> **Goal of the exercise**: Could you print the stretch of lines below from the one with "Learning Excel 2019 - Beginner (TOSA)" through the one with "Image of Brown-hooded Parrot", exactly as they stand and without any pictures?

> **Excerpted data**:

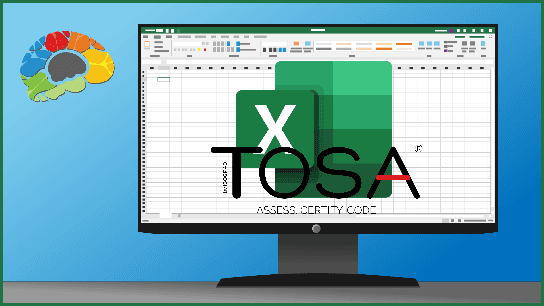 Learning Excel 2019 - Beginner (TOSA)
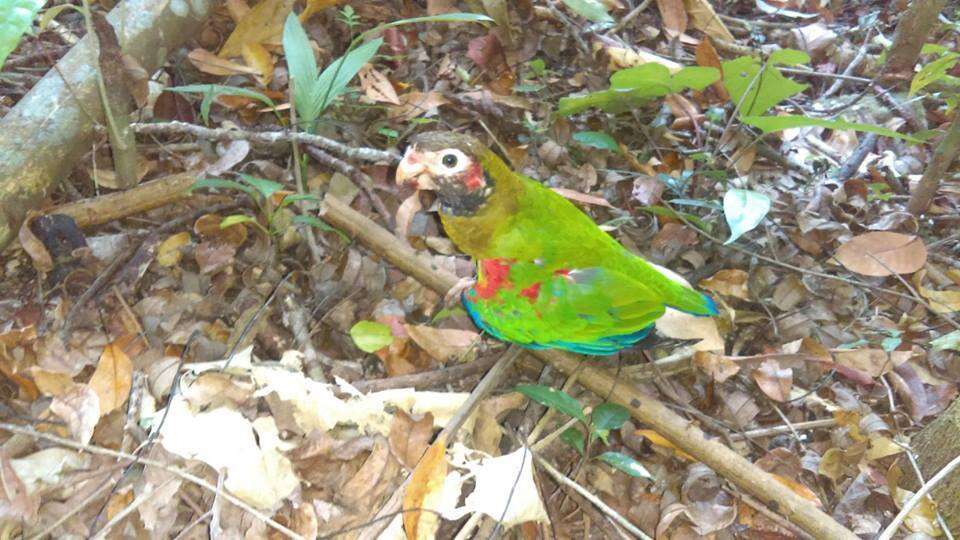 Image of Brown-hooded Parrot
--
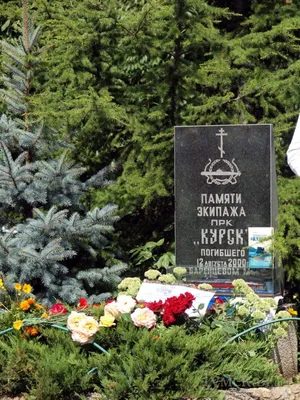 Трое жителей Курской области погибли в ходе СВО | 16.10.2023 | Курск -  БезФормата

> **Answer to the exercise**:
 Learning Excel 2019 - Beginner (TOSA)
 Image of Brown-hooded Parrot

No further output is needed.